But we’re not debating if immortality over the last thousand years would have been better or not, we’re looking at current times and then estimating forward, right? (I agree a thousand years ago immortality would have been much much riskier than starting today)
In today’s economy/society great minds can instantly coordinate and outnumber the dictators by a large margin. I believe this trend will continue and that if you allow all minds to continue the great minds will outgrow the dictator minds and dominate the equation.
Dictators are much more likely to die (not from aging) than the average great mind (more than 50x?). This means that great minds will continue to multiply in numbers and resources while dictators sometimes die off (from their risky lifestyle of power-grabbing).
Once there are 10,000 more brilliant minds with 1,000x more resources than the evil dictators how do you expect the evil dictator to successfully power grab a whole country/the whole world?
I agree that probably you’d be fine starting today, and it’s a much safer bet than starting 1,000 years ago, but is it a safer bet than waiting say another 200 years?
I’d be concerned about dictators inciting violence against precisely the people they most perceive as threats. e.g. I don’t know the history of the Cultural Revolution well, but my impression is that something like this happened there.
The thing that’s hard to internalize (at least I think) is that by waiting 200 years to start anti-aging efforts you are condemning billions of people to an early death with a lifespan of ~80 years.
You’d have to convince me that waiting 200 years would reduce the risk of totalitarian lock-in so much that it offsets billions of lives that would be guaranteed to “prematurely end”.
Totalitarian lock-in is scary to think about and billions of people’s lives ending prematurely is just text on a screen. I would assume that the human brain can easily simulate the everyday horror of a total totalitarian world. But it’s impossible for your brain to digest even 100,000,000 premature deaths, forget billions and billions.
I certainly feel like it’s a very stakesy decision! This is somewhere where a longtermist perspective might be more hesitant to take risks that jeopardize the entire future to save billions alive today.
I also note that your argument applies to past cases too. I’m curious in what year you guess it would first have been good to grant people immortality?
(As mentioned in the opening post, I’m quite confused about what’s good here.)
I agree, it feels like a stakesy decision!

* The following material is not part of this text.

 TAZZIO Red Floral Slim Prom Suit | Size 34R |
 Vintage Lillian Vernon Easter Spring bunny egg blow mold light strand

And I’m pretty aligned with longtermist thinking, I just think that “entire future at risk due to totalitarianism lock-in due to removing death from aging” seems really unlikely to me. But I haven’t really thought about it too much so I guess I’m really uncertain here as we all seem to be.
“what year you guess it would first have been good to grant people immortality?”
I kind of reject the question due to ‘immortality’ as that isn’t the decision we’re currently faced with. (unless you’re only interested in this specific hypothetical world). The decision we’re faced with is do we speed up anti-aging efforts to reduce age-related death and suffering? You can still kill (or incapacitate) people that don’t age, that’s my whole point of the great minds vs. dictators.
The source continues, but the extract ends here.